Cash Shortage in Uzbekistan

Cash Shortage in Uzbekistan

Monday, 25 May, 2009
A shortage of cash has led the authorities in Uzbekistan to delay paying pensions, say NBCentral Asia observers.



On April 18, the Uzmetronom website cited a report from the Uzbek trade union newspaper Ishonch that some 8,000 people in the central Jizak province were finding it impossible to get their pensions.



Saifutdin, a 69-year-old from Jizak region, says he is in real hardship because of the hold-up in getting his pension.



“I’ve got asthma and I spend all my money on medicines,” he said. “Now I don’t have any money at all.”



Pension payments are also being delayed in other regions of the country.



“This is the second month we’ve been told the money hasn’t come in yet,” said Oydin, 70, from the capital Tashkent. “We used to get [our pensions] on the 5th or 6th of the month, whereas now we’re having to borrow money from friends and neighbours.”



Maria, who works at a post office in Tashkent, said the difficulties first arose three months ago, with money for pension payments transferred too late.



A media-watcher in the Bukhara region of western Uzbekistan says elderly people in the province have not received their pensions for two months now.



“The pensioners are still waiting patiently, seeing that even public sector employees aren’t getting their salaries,” said this commentator.



The situation seems to be even worse in Khorezm in the northwest, as the cashflow problems are affecting the entire population. Most people’s wages are paid onto special plastic cards, but when they go to withdraw banknotes at a cash machine, they find there is no money.



“There’s no cash in the ATMs,” said a local analyst.



The authorities have started deducting payments for electricity, gas and other utilities at source, apparently so as not to have to hand out so much cash.



Samarkand resident Khalida, 75, said about a third of her 80 US dollar pension was being withheld.



“There’s hardly anything left over, and I am having to borrow money,” she said. “We eat poorly and we can’t afford meat.”



Tashpulat Yoldashev, an Uzbek political analyst based abroad, thinks the benefit delays are a direct result of falling government revenues as businesses slow.
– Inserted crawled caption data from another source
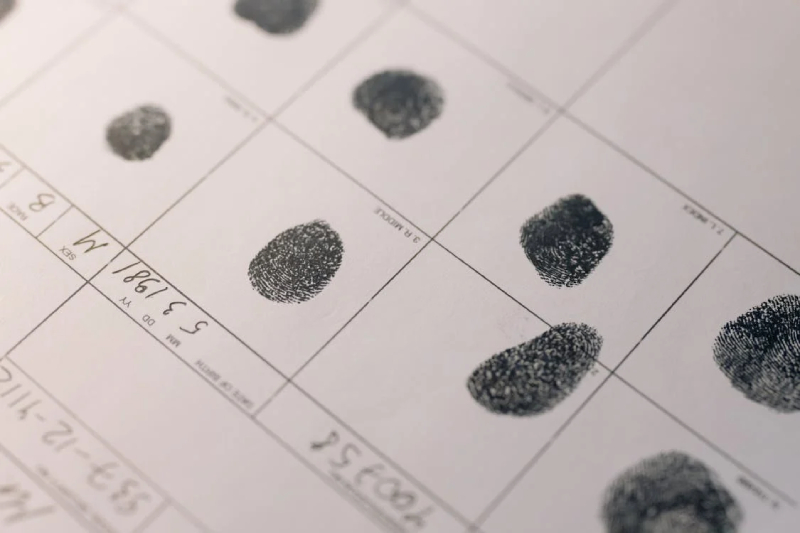 How Long Do Fingerprints Last on Paper?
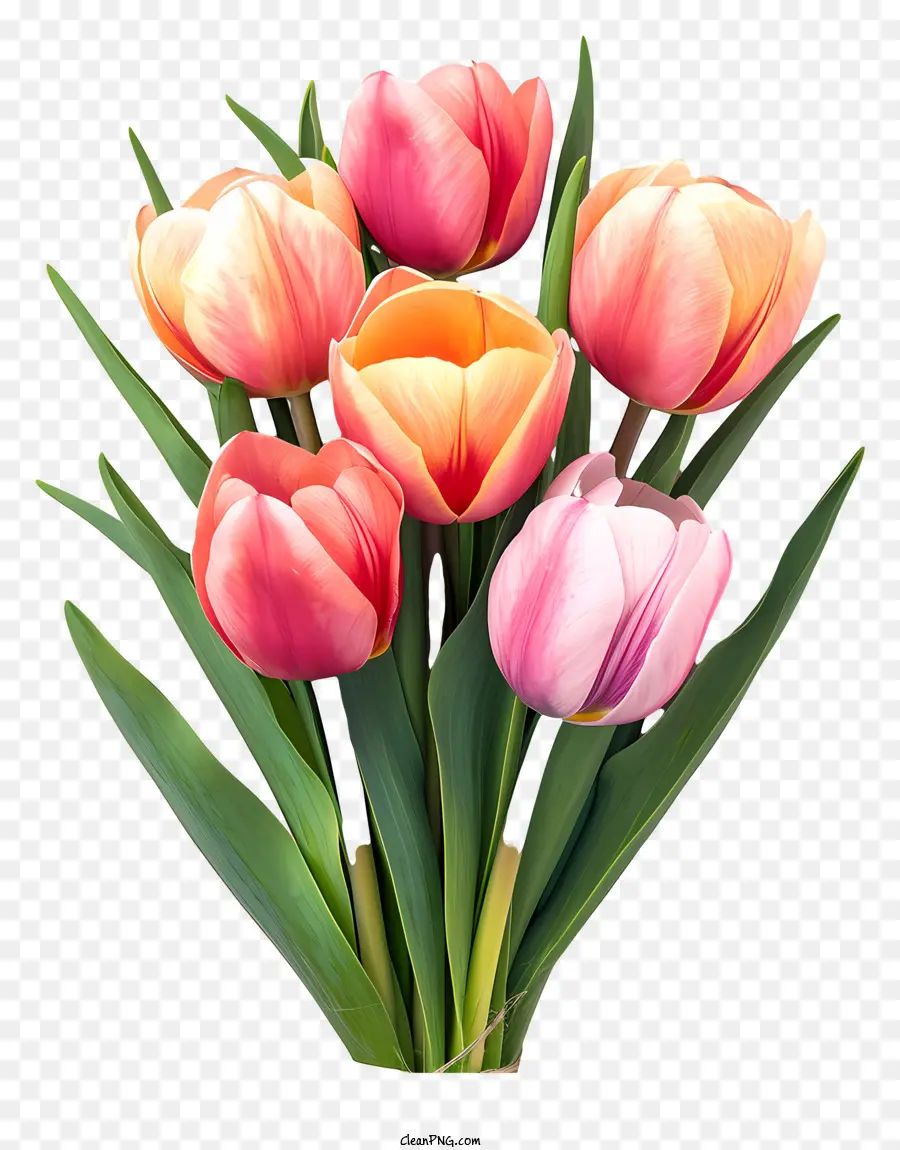 Buket Tulip Datar，Vas PNG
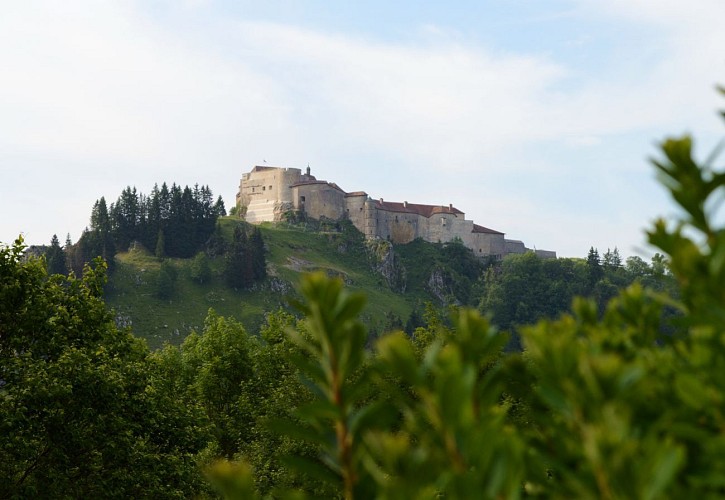 VTT' - Le Fort de Joux n°80 - Pontarlier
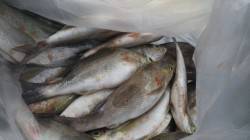 イサキ32～38cm54匹！！富田のイサギ…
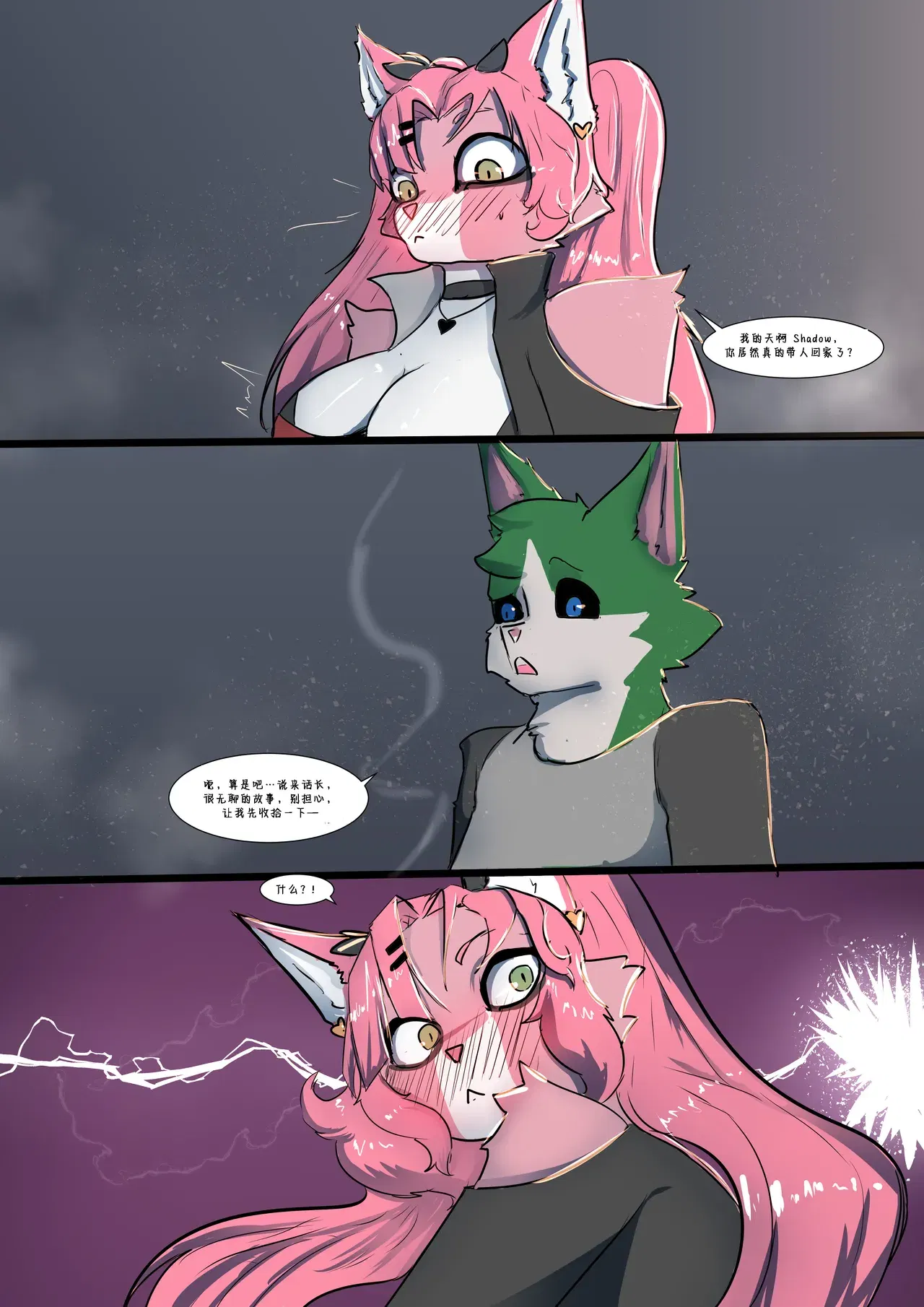 Image #10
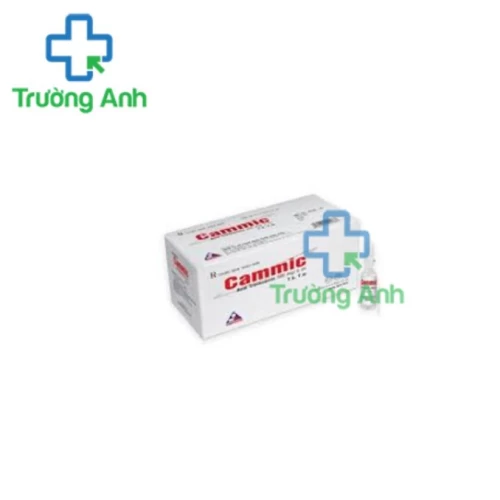 Cammic 500mg/5ml Vinphaco - Thuốc điều trị xuất huyết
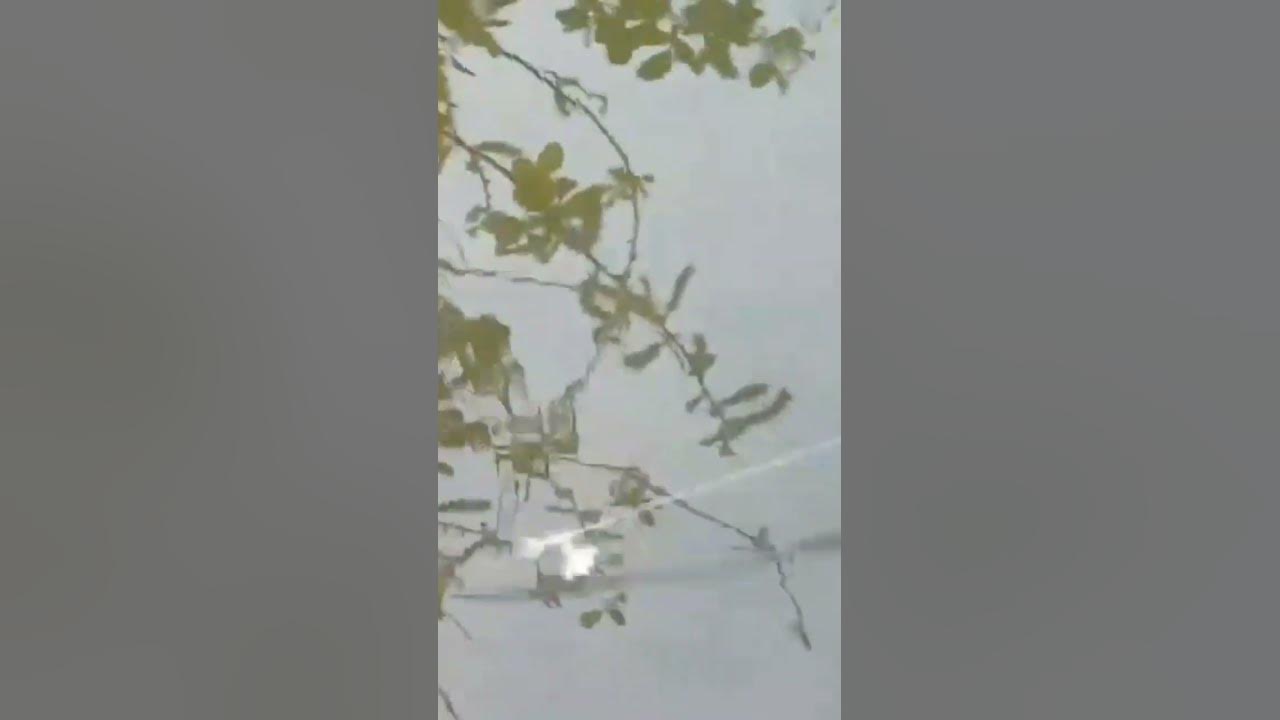 рыбка бычок самый интересный момент 2 🐟 - YouTube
Other experts agree that the payment delays have coincided with the global financial crisis. One of the major impacts the crisis has had on Uzbekistan is that migrant workers in Russia and Kazakstan have been feeling the pinch and are sending less money home.



“The cash problems are going to get worse,” said Yoldashev.



(NBCentralAsia is an IWPR-funded project to create a multilingual news analysis and comment service for Central Asia, drawing on the expertise of a broad range of political observers across the region. The project ran from August 2006 to September 2007, covering all five regional states. With new funding, the service has resumed, covering Uzbekistan and Turkmenistan.)